Top of Task input

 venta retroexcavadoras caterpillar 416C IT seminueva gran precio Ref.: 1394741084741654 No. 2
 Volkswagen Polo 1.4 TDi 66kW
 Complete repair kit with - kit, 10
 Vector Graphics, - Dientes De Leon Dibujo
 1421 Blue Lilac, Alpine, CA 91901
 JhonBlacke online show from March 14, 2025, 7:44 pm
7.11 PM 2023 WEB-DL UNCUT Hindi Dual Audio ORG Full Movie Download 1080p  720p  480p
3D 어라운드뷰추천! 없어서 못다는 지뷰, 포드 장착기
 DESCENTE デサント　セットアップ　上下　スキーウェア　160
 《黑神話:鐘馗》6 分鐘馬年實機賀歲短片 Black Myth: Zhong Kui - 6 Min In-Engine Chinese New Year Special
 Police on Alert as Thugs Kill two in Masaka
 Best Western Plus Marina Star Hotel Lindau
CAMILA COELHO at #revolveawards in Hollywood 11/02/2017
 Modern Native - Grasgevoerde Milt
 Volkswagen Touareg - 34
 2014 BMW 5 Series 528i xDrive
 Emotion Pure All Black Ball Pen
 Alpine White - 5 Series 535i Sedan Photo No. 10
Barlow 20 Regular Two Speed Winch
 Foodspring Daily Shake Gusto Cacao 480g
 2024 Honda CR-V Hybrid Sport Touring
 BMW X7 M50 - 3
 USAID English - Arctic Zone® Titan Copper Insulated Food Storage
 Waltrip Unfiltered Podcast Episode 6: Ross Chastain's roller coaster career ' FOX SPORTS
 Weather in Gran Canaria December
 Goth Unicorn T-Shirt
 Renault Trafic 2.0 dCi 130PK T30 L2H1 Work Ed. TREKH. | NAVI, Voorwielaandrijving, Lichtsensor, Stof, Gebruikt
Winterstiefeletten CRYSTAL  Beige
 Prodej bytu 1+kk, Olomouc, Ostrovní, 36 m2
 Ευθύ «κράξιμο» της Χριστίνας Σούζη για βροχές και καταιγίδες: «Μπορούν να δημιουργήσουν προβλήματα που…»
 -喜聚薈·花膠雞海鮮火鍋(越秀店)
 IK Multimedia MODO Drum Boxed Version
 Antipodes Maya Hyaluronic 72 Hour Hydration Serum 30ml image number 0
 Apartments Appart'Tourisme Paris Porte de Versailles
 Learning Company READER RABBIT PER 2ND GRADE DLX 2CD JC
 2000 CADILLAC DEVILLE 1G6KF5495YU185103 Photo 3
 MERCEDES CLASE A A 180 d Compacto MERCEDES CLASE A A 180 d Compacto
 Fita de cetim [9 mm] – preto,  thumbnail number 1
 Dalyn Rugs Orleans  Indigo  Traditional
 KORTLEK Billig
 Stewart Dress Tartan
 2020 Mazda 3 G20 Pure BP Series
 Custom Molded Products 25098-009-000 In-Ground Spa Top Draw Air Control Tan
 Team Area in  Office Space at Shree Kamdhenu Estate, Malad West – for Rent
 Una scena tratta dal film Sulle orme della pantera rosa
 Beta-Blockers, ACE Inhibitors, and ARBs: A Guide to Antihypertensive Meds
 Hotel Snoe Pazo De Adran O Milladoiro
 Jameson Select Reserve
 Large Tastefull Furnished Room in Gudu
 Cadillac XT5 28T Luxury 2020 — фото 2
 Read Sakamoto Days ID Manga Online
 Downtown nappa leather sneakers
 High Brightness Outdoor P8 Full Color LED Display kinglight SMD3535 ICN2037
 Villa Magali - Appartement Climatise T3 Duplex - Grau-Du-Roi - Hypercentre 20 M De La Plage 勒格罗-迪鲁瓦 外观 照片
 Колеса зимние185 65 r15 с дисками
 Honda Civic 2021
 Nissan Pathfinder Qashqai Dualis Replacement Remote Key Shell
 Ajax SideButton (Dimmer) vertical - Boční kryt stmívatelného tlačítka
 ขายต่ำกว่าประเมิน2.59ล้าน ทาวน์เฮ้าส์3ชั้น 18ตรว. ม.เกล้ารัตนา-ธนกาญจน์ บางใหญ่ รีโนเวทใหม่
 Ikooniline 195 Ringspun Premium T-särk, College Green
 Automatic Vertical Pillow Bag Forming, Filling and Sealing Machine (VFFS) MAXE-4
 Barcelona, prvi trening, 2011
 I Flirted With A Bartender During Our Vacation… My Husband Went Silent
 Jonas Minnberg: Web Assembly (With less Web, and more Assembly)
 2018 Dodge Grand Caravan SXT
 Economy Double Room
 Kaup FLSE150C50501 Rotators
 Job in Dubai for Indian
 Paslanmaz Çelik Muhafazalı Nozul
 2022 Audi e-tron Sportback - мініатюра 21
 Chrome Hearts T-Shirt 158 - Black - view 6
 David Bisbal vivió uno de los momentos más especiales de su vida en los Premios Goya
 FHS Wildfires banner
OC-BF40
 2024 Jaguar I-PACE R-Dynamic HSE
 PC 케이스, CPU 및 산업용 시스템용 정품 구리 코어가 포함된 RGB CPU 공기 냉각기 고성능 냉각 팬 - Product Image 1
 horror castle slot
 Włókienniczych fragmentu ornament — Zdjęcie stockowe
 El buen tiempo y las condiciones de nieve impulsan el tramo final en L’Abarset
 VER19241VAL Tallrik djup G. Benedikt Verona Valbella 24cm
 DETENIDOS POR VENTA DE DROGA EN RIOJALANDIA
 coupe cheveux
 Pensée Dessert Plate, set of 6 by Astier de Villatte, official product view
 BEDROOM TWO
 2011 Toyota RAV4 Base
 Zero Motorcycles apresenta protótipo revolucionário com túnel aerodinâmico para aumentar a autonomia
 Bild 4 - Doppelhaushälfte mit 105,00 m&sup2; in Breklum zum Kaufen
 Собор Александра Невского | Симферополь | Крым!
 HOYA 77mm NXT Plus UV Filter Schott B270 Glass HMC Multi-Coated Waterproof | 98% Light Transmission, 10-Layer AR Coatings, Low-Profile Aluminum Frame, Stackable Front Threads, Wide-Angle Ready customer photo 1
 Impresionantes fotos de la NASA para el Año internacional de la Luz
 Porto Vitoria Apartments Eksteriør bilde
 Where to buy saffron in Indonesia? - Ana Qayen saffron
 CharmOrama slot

Bottom of Task input

In the listing above, find every line with the word "Series" and copy it.

 2014 BMW 5 Series 528i xDrive
 Alpine White - 5 Series 535i Sedan Photo No. 10
 2020 Mazda 3 G20 Pure BP Series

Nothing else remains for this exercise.